There have been a series of papers arguing that the standard Lasso is an inappropriate exact variable selection method \cite{Zou:2006}, \cite{vandegeer:2011}, since it relies on the essentially necessary irrepresentability condition, introduced in \cite{Zhao:2006}. However, this condition, on which the analysis of \cite{Daneshmand:2014} relies on, rarely holds in practical situations where correlation between variables occurs, and several alternatives have been suggested (the adaptive lasso, thresholded lasso...) We defer an extended analysis of the irrepresentability assumption to Section~\ref{sec:assumptions}.
Our approach is different. Rather than trying to perform variable selection directly by finding $\{j: \theta_j \neq 0\}$, we seek to upper-bound $\|\hat \theta - \theta^* \|_2$. It is easy to see that recovering all `strong' edges of the graph is a direct consequence of this analysis: by thresholding all weak $\hat \theta$, one recovers all `strong' parents without false positives, as shown in corollary~\ref{cor:variable_selection}.
We will first apply standard techniques to obtain a ${\cal O}(\sqrt{\frac{s \log m}{n}})$ $\ell2$-norm upper-bound in the case of sparse vectors. We will then extend this analysis to non-sparse vectors. In section~\ref{sec:lowerbound}, we show that our results are almost tight.
\subsection{Main Theorem}
We begin our analysis with the following simple lemma:
\begin{lemma}
\label{lem:theta_p_upperbound}
$\|\theta - \theta^* \|_2 \geq \|p - p^*\|_2$
\end{lemma}
\begin{proof}
Using the inequality $\forall x>0, \; \log x \geq 1 - \frac{1}{x}$, we have $|\log (1 - p) - \log (1-p')| \geq \max(1 - \frac{1-p}{1-p'}, 1 - \frac{1-p'}{1-p}) \geq \max( p-p', p'-p)$. The result follows easily.
\end{proof}
In other words, finding an upper-bound for the estimation error of the `effective' parameters $\theta_{i,j} \defeq \log(1-p_{i,j})$ provides immediately an upper-bound for the estimation error of the true parameters $(p_{i,j})_{i,j}$.
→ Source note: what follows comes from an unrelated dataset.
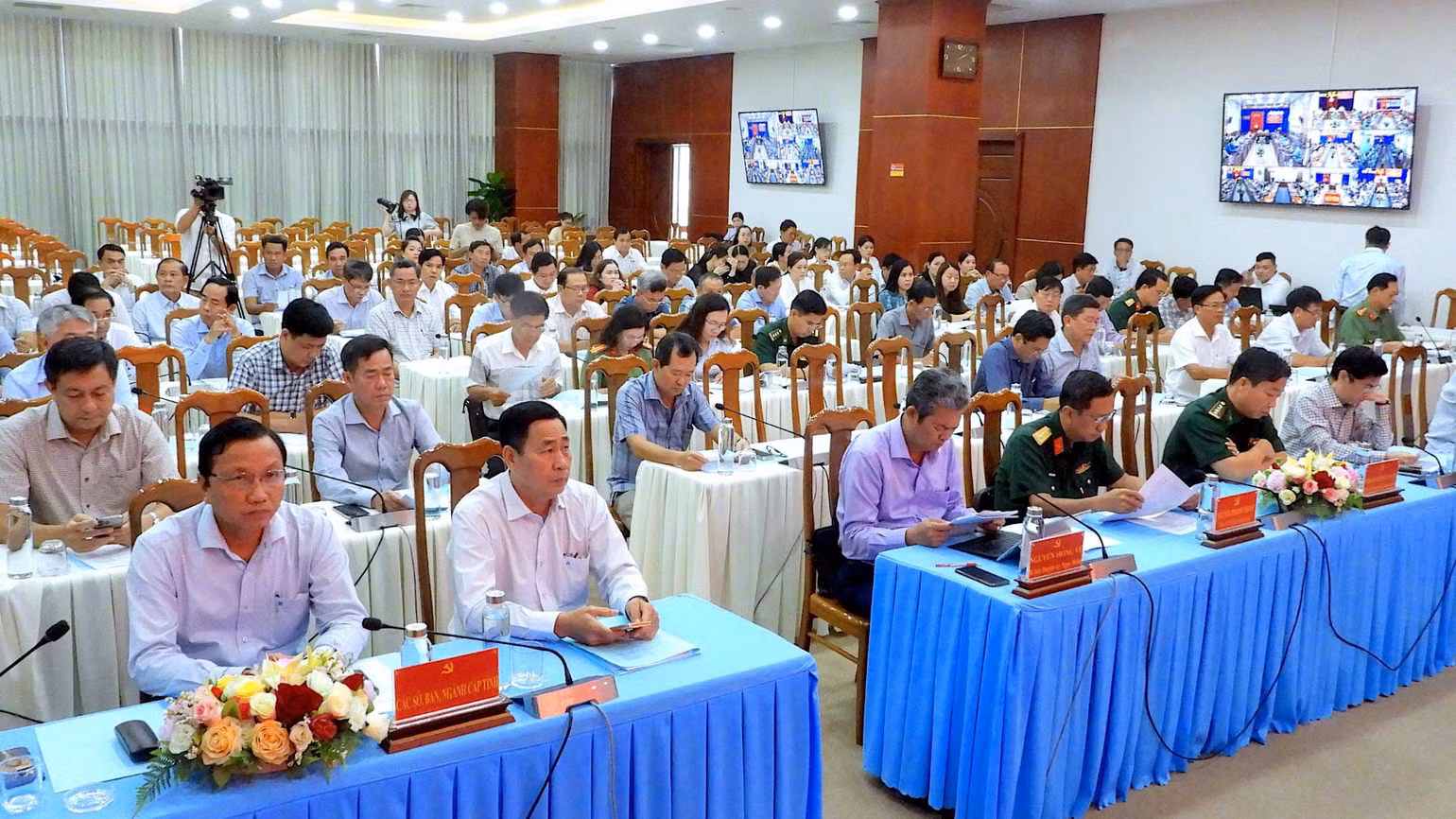 Hội nghị có sự tham dự tại các đầu cầu đến cấp cơ sở trên địa bàn toàn tỉnh Cà Mau, với hơn 3.000 cán bộ, viên chức, Đảng viên tham dự. Hội nghị có sự tham dự tại các đầu cầu đến cấp cơ sở trên địa bàn toàn tỉnh Cà Mau, với hơn 3.000 cán bộ, viên chức, Đảng viên tham dự.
Interestingly, finding such an upper-bound is commonly studied in sparse recovery and essentially relies on the restricted eigenvalue condition for a symetric matrix $\Sigma$ and set ${\cal C} := \{X \in \mathbb{R}^p : \|X_{S^c}\|_1 \leq 3 \|X_S\|_1 \} \cap \{ \|X\|_1 \leq 1 \}$
\begin{equation}
\nonumber
\forall X \in {\cal C}, \| \Sigma X \|_2^2 \geq \gamma_n \|X\|_2^2
\tag{RE}
\end{equation}
We compare this condition to the irrepresentability condition used in prior work in section~\ref{sec:lowerbound}. We cite the following theorem from \cite{Negahban:2009}
\begin{theorem}
\label{thm:neghaban}
Suppose the true vector $\theta^*$ has support S of size s and the {\bf(RE)} assumption holds for the Hessian $\nabla^2 f(\theta^*)$, then by solving \eqref{eq:pre-mle} for $\lambda_n \geq 2 \|\nabla f(\theta^*)\|_{\infty}$ we have:
\begin{equation}
\|\hat \theta - \theta^* \|_2 \leq 3 \frac{\sqrt{s}\lambda_n}{\gamma_n}
\end{equation}
\end{theorem}
In section~\ref{subsec:icc}, we find a ${\cal O}(\sqrt{n})$ upper-bound for valid $\lambda_n$. It is also reasonable to assume $\gamma_n = \Omega(n)$, as discussed in section~\ref{sec:assumptions}, yielding a ${\cal O}(1/\sqrt{n})$ decay rate per measurement. The authors believe it is more natural to express these results as the number of measurements $N$, i.e. cumulative number of steps in each cascades, rather the number of cascades $n$.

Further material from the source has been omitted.